Publisher: Archway Publishing Pages: 521 Price: (paperback) $33.99 ISBN: 9781480823969 Reviewed: October, 2016 Author Website: Visit »

Equilibrium, by Josué Roussel, is a metaphysical manifesto, in which Roussel attempts to identify the true nature of the universe and the origin of good and evil by applying the ancient science of alchemy. Alchemy, in its original sense, is a method of physical and spiritual transformation, which influenced Kabbalah and the hermetic occultist movements of the 19th century (influences that are also present in Equilibrium).

Roussel asserts that all reality, in this world and beyond, can be understood through the proper interpretation of two sacred symbols: the Star of David (which symbolizes, in part, complementary opposites similar to the Taoist idea) and the Metatron’s Cube, named for an archangel of Judaic origin. The author spends the majority of the text trying (with convoluted sentences, non-sequiturs, and arcane diagrams) to explain the significance and intricacies of these signs, and the alleged secrets they reveal about existence. But his argument lacks the necessary elements to be persuasive.

Roussel insists that he is offering objective, scientific insights but supplies no empirical evidence, and actively disdains the scientific method. Neither does he claim to have had a spiritual revelation, although his writing has the zealous certainty of prophecy. Passages are repetitive, cryptic, ungrammatical, often puzzling, and tend toward ranting, with block paragraphs lasting several pages.

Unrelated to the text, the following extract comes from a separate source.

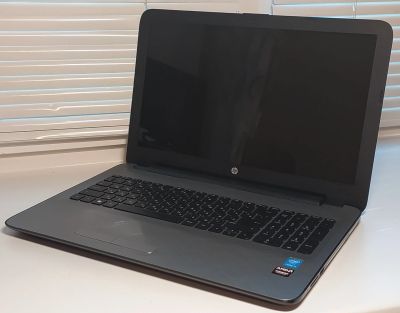 Лот: 17898713. Фото: 1. HP 15.6" i3-4005U/R5 M330 3Gb... Ноутбуки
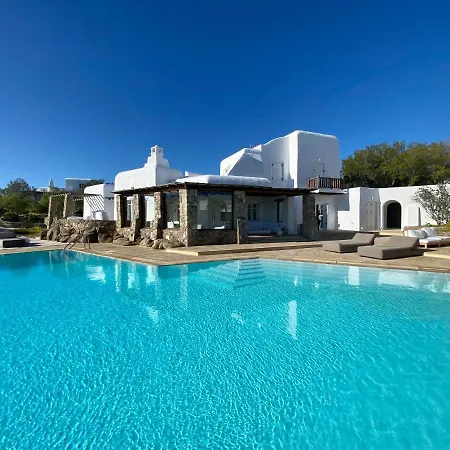 Villa Alessandra With Massive Pool By Diles Mykonos Town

Sometimes it’s difficult to say whether Roussel is speaking metaphorically or not. For example, he uses death imagery (the most common nouns are “corpse” and “carcass”) to poetically describe morally corrupt individuals, but also seems to imply that such individuals are somehow literally dead. In the last pages, Roussel describes what realizing his notion of equilibrium would look like, while offering no real prescriptions for achieving it.

Ultimately, his project fails by the most relevant measures: It lacks the logic of philosophy, the credibility of science, the authority of religion, and the inspiration of spirituality. It presents an extremely challenging read; most will find it hard to persevere to the end.